La democracia sin adjetivos no pasa de ser un mecanismo para transferir el poder de manera pacífica. Puede servir para recuperar libertades individuales como también para perderlas. Recuerden que la dictadura de la “Revolución Ciudadana” se erigió desde las urnas. Ahora ha llegado al punto de quiebre habiendo perdido su principal y única fuente de legitimidad –una mayoría del electorado–.

Las elecciones no bastan para garantizar una sociedad de personas libres. Ojalá hayamos aprendido eso. En las dictaduras, las elecciones suelen servir para vender a nacionales inadvertidos y a los extranjeros la ficción de que en la jurisdicción en cuestión todavía rige alguna forma de democracia. Pero como explica Giovanni Sartori: “Para que el pueblo ‘tenga’ poder (en serio) la condición irrenunciable es que el pueblo impida cualquier poder ilimitado”. De lo contrario, sucede con la democracia lo que señalaba Bertrand de Jouvenel: “Mientras que proclama la soberanía del pueblo, la limita exclusivamente a la elección de los delegados, que son los que tienen el pleno ejercicio de la misma. Los miembros de la sociedad son ciudadanos un día y súbditos cuatro años”.

Lo realmente importante es que exista un Estado de Derecho, mediante el cual se prohíba cualquier poder ilimitado y cuyo principio rector sea el respeto a las libertades fundamentales de los individuos: su vida, su propiedad, su derecho a buscar su felicidad sin afectar estos mismos derechos de otros.

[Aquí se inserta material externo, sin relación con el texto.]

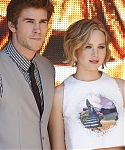 GROUP_May_17_-__Mockingjay_Part_1__photocall_at_Cannes_in_France_2810229.jpg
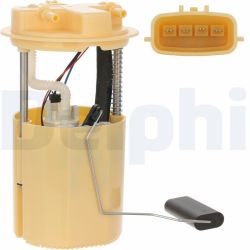 Degalų tiekimo blokas DELPHI FG2414-12B1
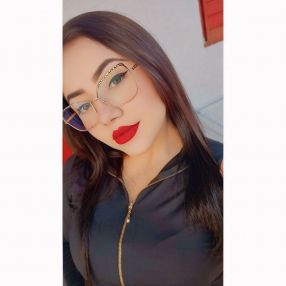 Nathi, Família em Limeira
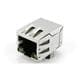 Pulse Electronics JD0-0001NL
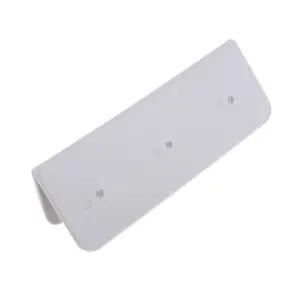 S1f18db20231c48caba4ff720bb501a34o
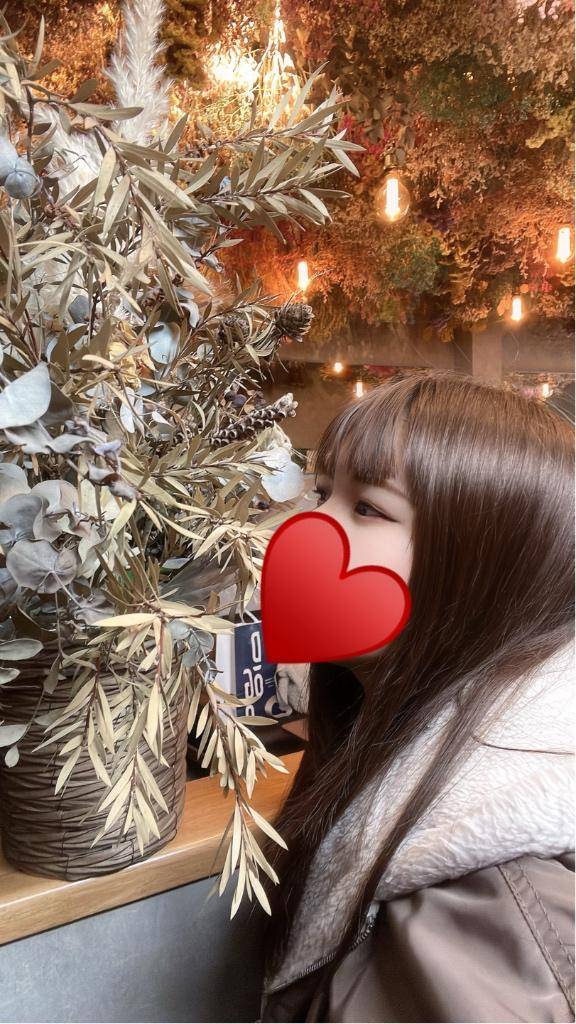 溜まってる??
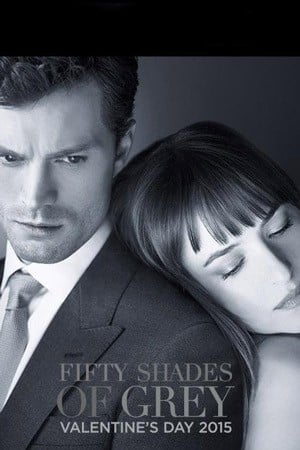 دانلود فیلم Fifty Shades of Grey - اصل موویز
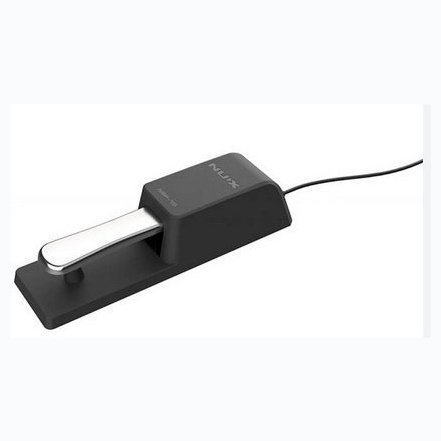 NUX NSP-10 NUX NSP-10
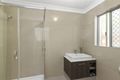 Property photo of 1/8 Third Avenue Palm Beach QLD 4221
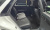 Hyundai Grandeur 2,5 Gasoline 2WD, 2023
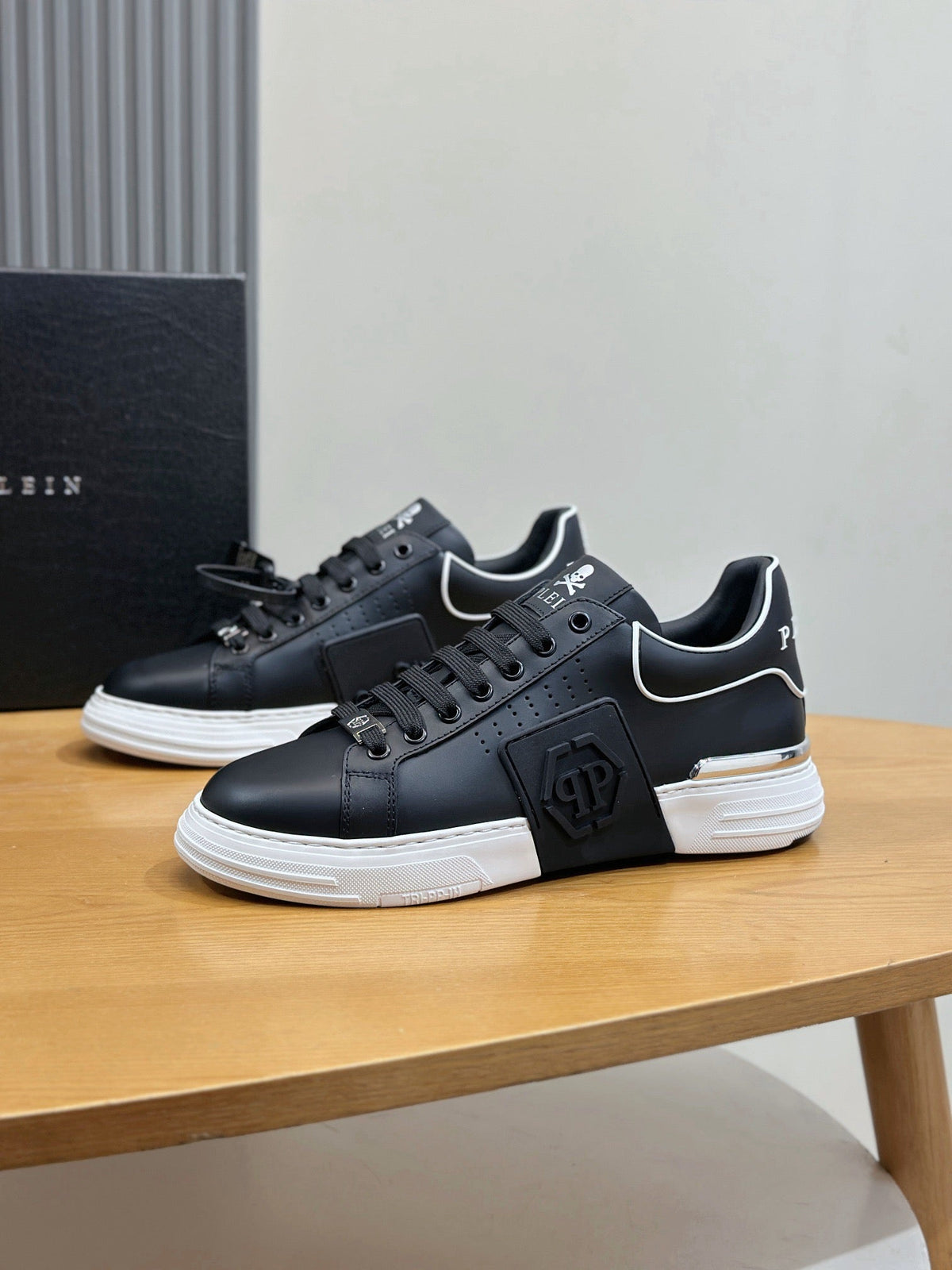 Philipp Plein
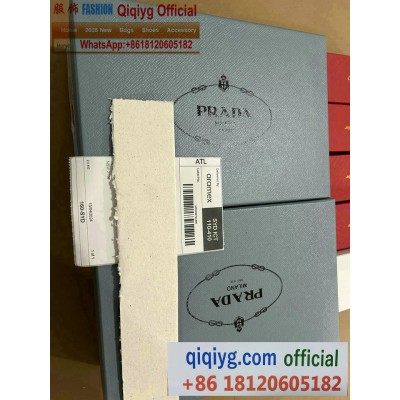 2270604114.x.yupoo.com | https acc qiqiyg com | qiqiyg.com Official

Estos derechos son las piedras angulares de otros, característicos de sociedades abiertas, como la libertad de expresión, la libertad de asociación y de contratación, entre otras.

La democracia adolece de muchos defectos y virtudes. Hace décadas Anthony Downs demostró que la decisión de un elector poco o nada influye en el resultado final. Además, y sobre todo en sociedades con un débil o nulo Estado de Derecho, instintivamente cada elector percibe que su decisión poco influirá en el curso de la cosa pública. Los electores suelen tomar decisiones sesgadas a su conveniencia personal, lo cual no necesariamente deriva en resultados que le convienen a la sociedad en general. Kenneth Arrow, recientemente fallecido, demostró que la regla de la mayoría puede derivar en resultados insatisfactorios y arbitrarios.

Considerando estos defectos, lo lógico sería limitar la democracia con un Estado de Derecho que contenga el poder de quienes nos gobiernan. Eso nos hubiera protegido durante esta última década de los abusos que se han cometido en nombre de una supuesta soberanía del pueblo. Con estos límites a la democracia, fueran inconcebibles consultas populares como la de este último domingo, que atentan contra la propiedad privada de los individuos y su libertad para elegir qué hacer con el fruto bien habido de su trabajo. Además, tampoco hubiera sido posible que el Ejecutivo someta a las urnas la decisión de si debía o no violar la independencia del poder judicial.

En nombre de la democracia, se pueden perder las libertades de las personas o recuperarlas. Así como la democracia sirvió aquí para construir la dictadura, ahora tenemos la singular oportunidad de utilizarla para acabar con ella. Pero así como ocurrió en la primera vuelta, ese derecho a elegir quienes nos gobiernan es un derecho que requiere que estemos vigilantes y exijamos que se respete, como lo hicimos con éxito esta semana. (O)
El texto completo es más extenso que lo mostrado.